4.6 Sending requests¶

Once all three components are up, send a standard OpenAI-compatible chat completions request to the proxy. When a single request carries multiple multimodal items, the proxy automatically extracts every image_url / audio_url from the content array and fans them out to the encoder cluster in parallel (round-robin across encoders), then forwards the original request to the PD.

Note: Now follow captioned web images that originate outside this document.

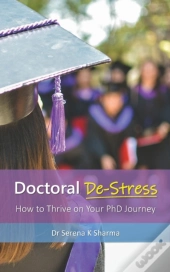 Doctoral De-Stress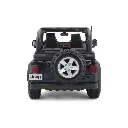 maisto-jeep-wrangler-rubicon-1-18-metal-kek (2).webp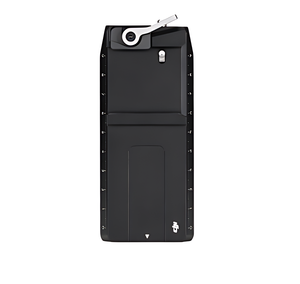 Brand New Original RS Lower Quick Release Plate for DJI RS 4/RS 3 Accessories DJI <b>Gimbal</b> Stabilizer Accessories - Product Image 4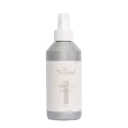The Sentinel H22 Aftertrim spray 250ml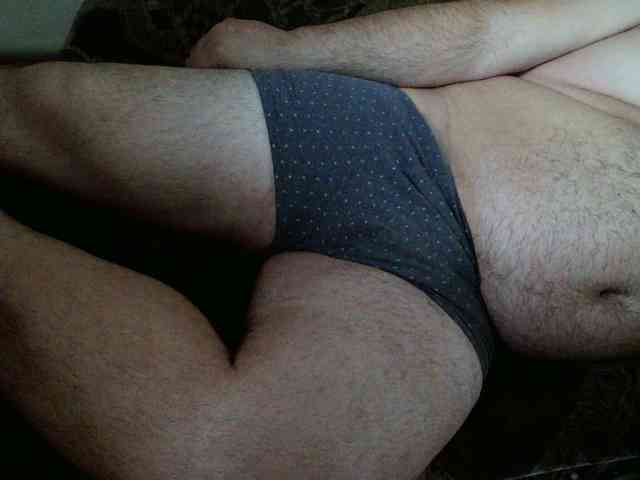 boy123023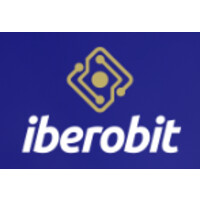 Iberobit logo, Iberobit contact details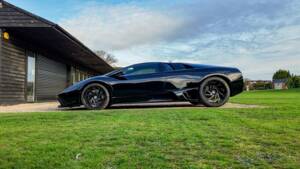 Afbeelding 15/40 van Toyota MR2 (1990)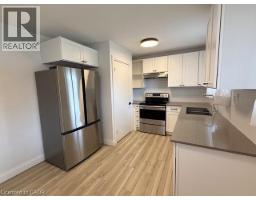 236 Bruce Street Unit# Upper, Brantford, ON N3S4Z9 Photo 12
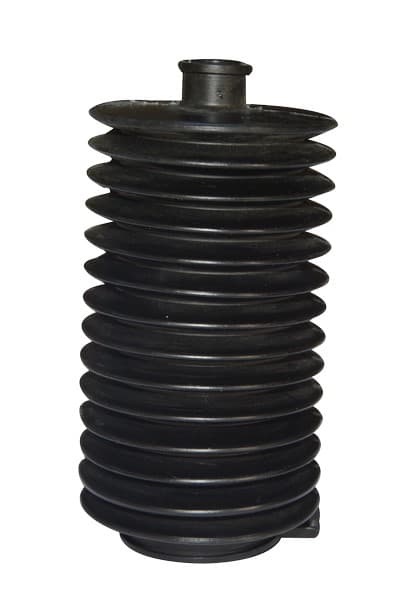 FKK DİREKSİYON KÖRÜĞÜ SOL PARTNER 96 BERLINGO 97 P306 94 C15 87 4066.20-7066.22 OEM: 4066.20-7066.22 - FKK 20138 kodlu oto yedek parça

The example below sends one request with 8 images, exercising all eight encoder instances at once:

curl -sS http://127.0.0.1:19000/v1/chat/completions \
    -H "Content-Type: application/json" \
    -d '{
        "model": "Qwen3-VL-8B-Instruct",
        "messages": [{
            "role": "user",
            "content": [
                {"type": "image_url", "image_url": {"url": "http://images.cocodataset.org/val2017/000000039769.jpg"}},
                {"type": "image_url", "image_url": {"url": "http://images.cocodataset.org/val2017/000000397133.jpg"}},
                {"type": "image_url", "image_url": {"url": "http://images.cocodataset.org/val2017/000000252219.jpg"}},
                {"type": "image_url", "image_url": {"url": "http://images.cocodataset.org/val2017/000000087038.jpg"}},
                {"type": "image_url", "image_url": {"url": "http://images.cocodataset.org/val2017/000000174482.jpg"}},
                {"type": "image_url", "image_url": {"url": "http://images.cocodataset.org/val2017/000000403385.jpg"}},
                {"type": "image_url", "image_url": {"url": "http://images.cocodataset.org/val2017/000000037777.jpg"}},
                {"type": "image_url", "image_url": {"url": "http://images.cocodataset.org/val2017/000000000139.jpg"}},
                {"type": "text", "text": "Briefly describe each of these images."}
            ]
        }],
        "max_tokens": 256
    }'

The response is a standard OpenAI chat completion JSON; the assistant message describes all eight images in sequence.

5. Improvements¶

5.1 Apply bucketing to the PD compile¶

The compile config in this guide produces a single decoder shape (decoder_batch_sizes=[8]) on the PD. Whenever fewer than eight requests are in flight, decode steps still pay the cost of the full batch-8 graph. With bucketing, the rebel-compiler can pack several decode shapes into one compiled artifact and the runtime selects the smallest bucket that fits the live batch, increasing throughput at low and medium load without changing tensor_parallel_size.

A typical starting point is to add a few decoder buckets:

"decoder_batch_sizes": [1, 2, 4, 8],

The PD continues to run tensor_parallel_size=8 across the same 8 NPUs; only the decoder dispatch selects a bucket per step. See the Bucketing tutorial for the underlying mechanism and trade-offs (more buckets mean longer compile time and a larger compiled artifact).

6. Limitations¶

Only Qwen3-VL family models are supported.
Only the N encoders + 1 PD topology is supported.
The PD must be started before the encoders, because it binds the connector socket that encoders connect to.
All encoder and PD instances must be reachable on the configured llm_host / llm_pull_port.
This feature is experimental — flag names, connector configuration, and the proxy interface may change.